TASK MATERIAL: Begin

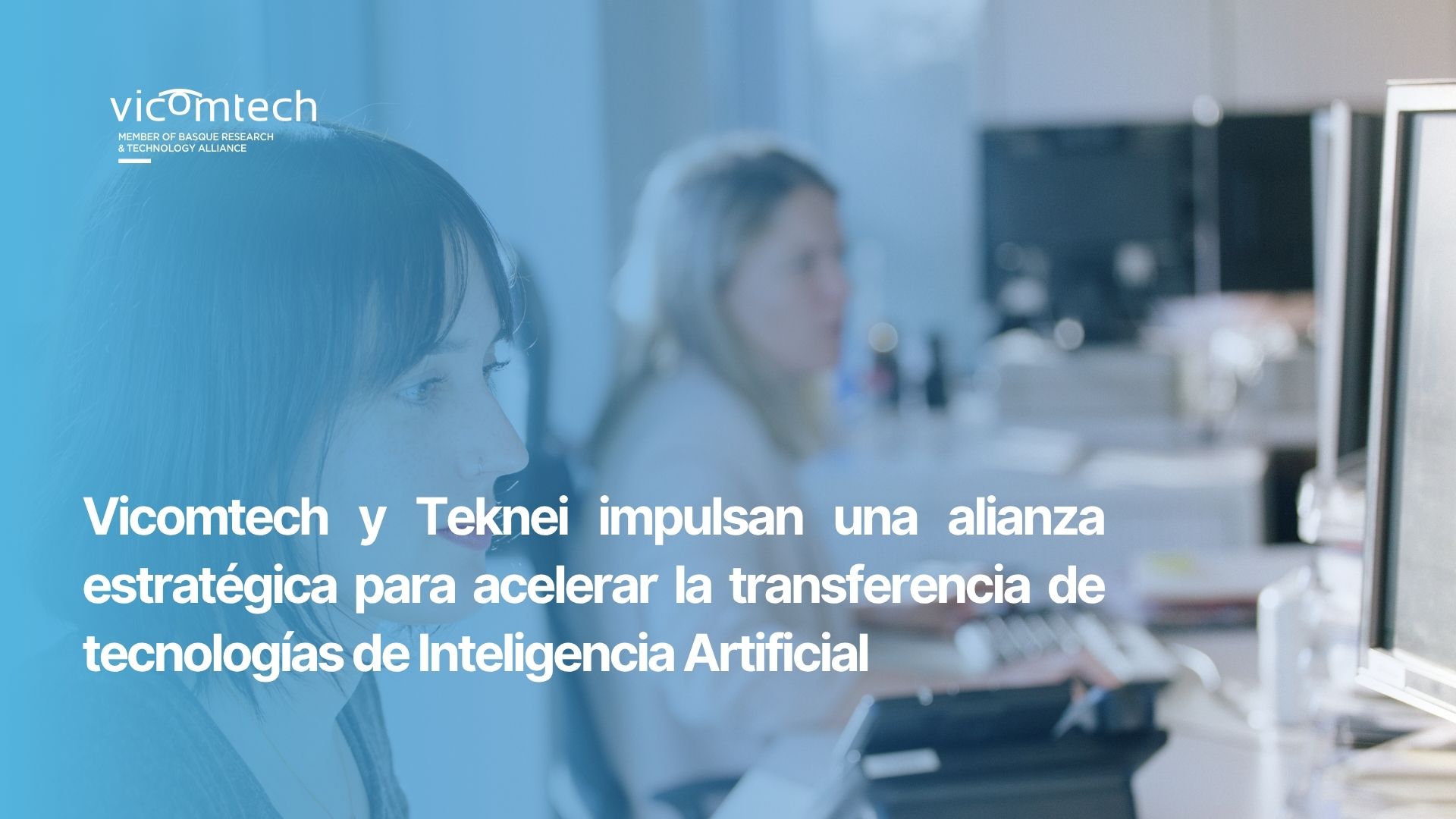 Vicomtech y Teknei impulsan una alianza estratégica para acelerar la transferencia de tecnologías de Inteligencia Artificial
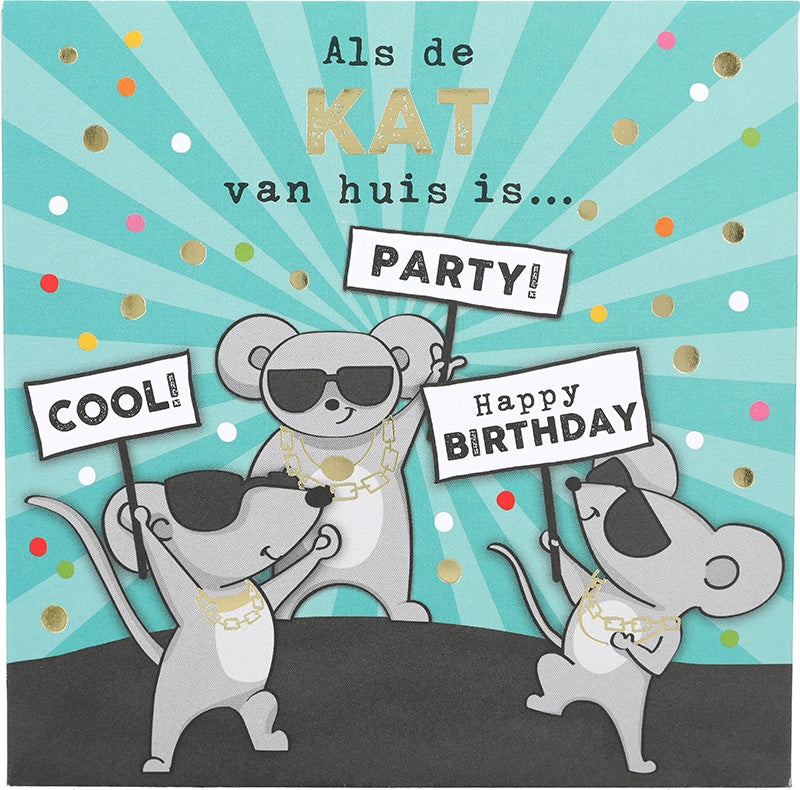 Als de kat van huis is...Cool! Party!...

TASK MATERIAL: End
TASK MATERIAL: Begin

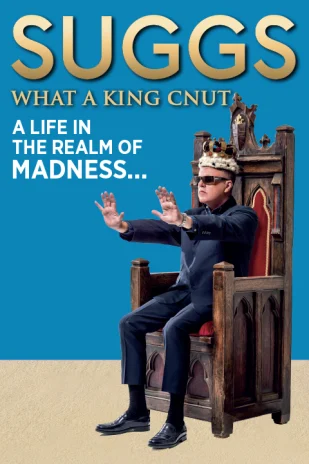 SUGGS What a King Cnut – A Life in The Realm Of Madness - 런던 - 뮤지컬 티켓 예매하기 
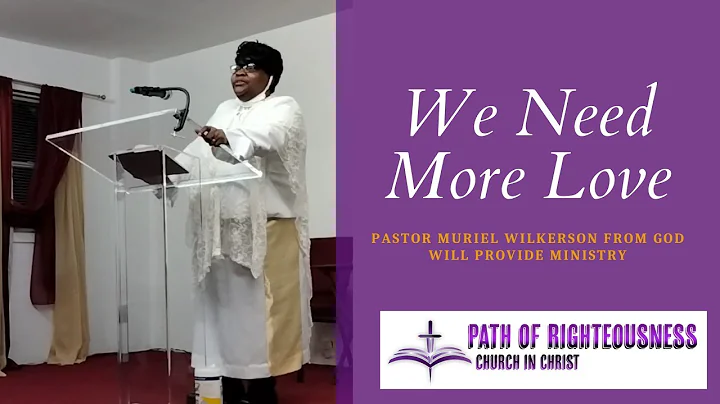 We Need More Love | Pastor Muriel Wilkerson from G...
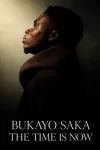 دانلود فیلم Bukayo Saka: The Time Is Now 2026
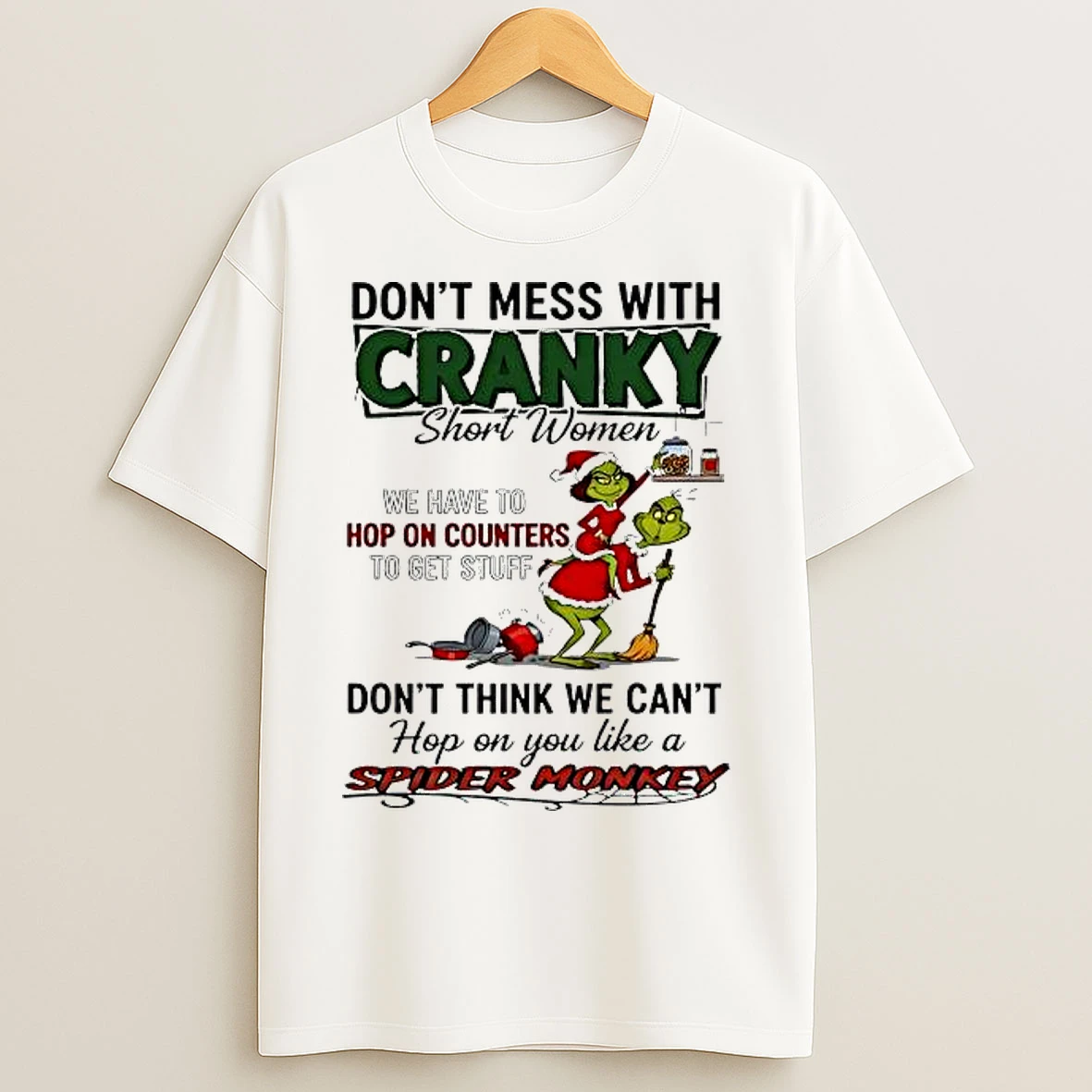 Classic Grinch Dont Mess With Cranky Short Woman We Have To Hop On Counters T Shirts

TASK MATERIAL: End

§ **ASSIGNMENT**
Your answer is the exact run of lines above from the one with "دانلود فیلم Bukayo" through the one with "Classic Grinch Dont", both ends included, minus any picture.

§ **ANSWER BOX**
 دانلود فیلم Bukayo Saka: The Time Is Now 2026
 Classic Grinch Dont Mess With Cranky Short Woman We Have To Hop On Counters T Shirts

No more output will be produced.